Luo nodded absently as Trol left him. Luo knew nothing about chemical storage, but he did understand transistors, monolithic crystals, the electronic relays that he had exposed in the robot’s massive barrel chest. He knew how to add to the store of knowledge already possessed by the metal thing. He reprogrammed it to increase its speed, so that the robot could keep up with the few motored vehicles the rebels already had. Luo wondered where the energy was going when it stood so quietly, and decided it had been programmed to scan and record perpetually.

When the interpreter arrived, Luo prepared a test of the laser. He placed a stone target fifty yards down a dead end passage inside the cave and directed the interpreter to tell the robot to burn it. Nothing happened.

It scanned and found no meaning for burn. It waited.

“Well,” Luo said dispiritedly, “I guess they built it without having a chance to programme it yet.”

“Can’t you teach it?”

“In time. God only knows how much time it would take. Meanwhile their reinforcements will arrive and they will destroy this base, and the robot along with it…

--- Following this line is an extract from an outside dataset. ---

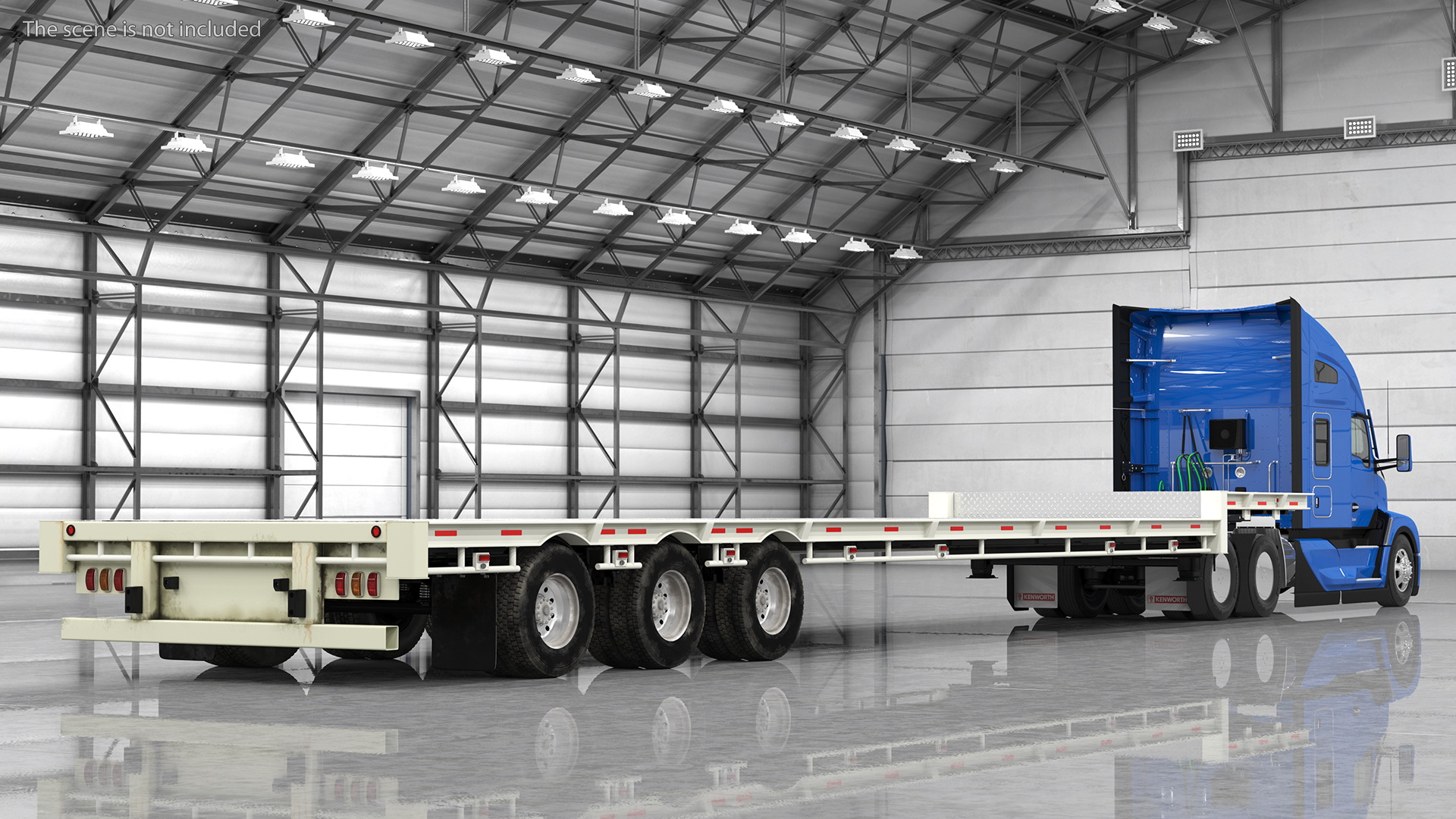 Kenworth Truck with Single Drop Tri Axle Extendable Trailer 3D model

It scanned. Destroy. The circuit had activated, the laser pulsed with energy, but the feedback restrained it, and the scanning increased in intensity.

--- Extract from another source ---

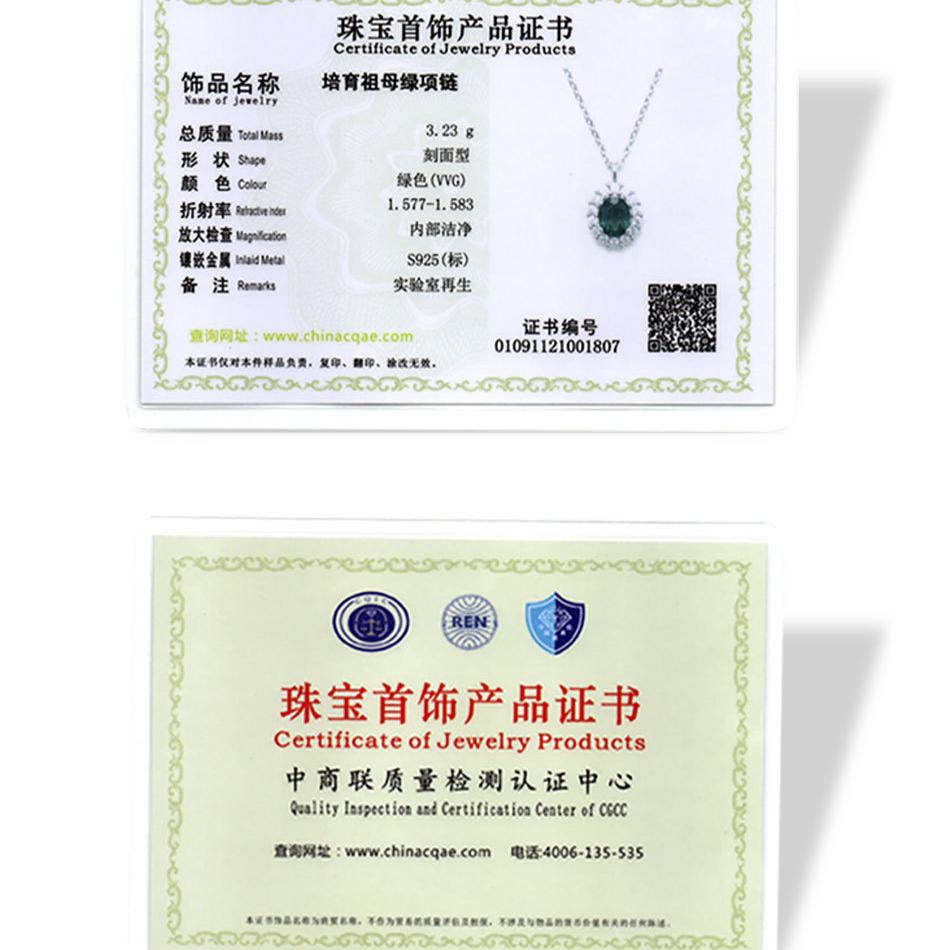 Tancise Women 925 Silver Lab Emerald Fashion Necklace Pendant Gift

“Why haven’t they burned us out already? They could burn the whole mountain if they wanted to. They’ve got the laser for it, and the fire bombs… Whatever it would take…”

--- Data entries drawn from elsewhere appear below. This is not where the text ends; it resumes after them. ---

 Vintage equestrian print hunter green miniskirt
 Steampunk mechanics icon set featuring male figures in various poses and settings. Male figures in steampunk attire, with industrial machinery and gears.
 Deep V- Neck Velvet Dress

Burn… destroy. The disequilibrium it experienced supplied the connection, and the laser turned on, touched the rock at the end of the passage and vaporised it. The laser went off. It waited.

“My God!” the interpreter whispered. “What happened? Why did it do that?”

Luo put aside his fear. Brusquely he said, “Delayed response. I don’t know why. At least we know now that it does take verbal orders. Maybe we still can get that outpost before the reinforcements get here and get us.”

Its ability to abstract was growing. It understood “get us” as meaning destroy us. It was part of “us”. When the interpreter ordered it to come, it moved along the passages on its wheels, switching to the treads outside on the rocky ground. The next test of the laser demonstrated that it had an effective range of two miles.

They worked feverishly with it after that, a team busy with it around the clock, testing its abilities, adding new ones. It was taught to hurl bombs, and had an effective range of over a mile; it was taught to use the laser as an interceptor, knocking stones from the sky effortlessly, even when they rained from twenty hands simultaneously. None of them touched it.

And when they were not actively teaching it, it continued to learn, recording, tracking, assimilating constantly. The supply of data in the chemical units grew, and as cross references became more and more complex, circuits were reassigned to relieve some of the load. One entire circuit was reserved for data that thus far served no useful purpose in the second order purpose of maintaining self. This circuit stored bits of poetry, bird songs, the soft voices of men singing of loneliness, data about light reflections and sunsets, data about growing things, the spiral of unfolding flowers, unfurling leaves, mosses heavy and velvety with water glistening on them. They continued to direct it in World Group English, but everything said within its audio range was recorded to be transferred later to the chemical units. It learned of war and killing, and all the various names that try to hide the fact of killing. It learned that the enemy must be destroyed, subdued, captured, countered; all these things to it meant the enemy must be killed. It learned that in order to continue to live, one first must kill the enemy, and for the first time it had a glimmering of a first order purpose.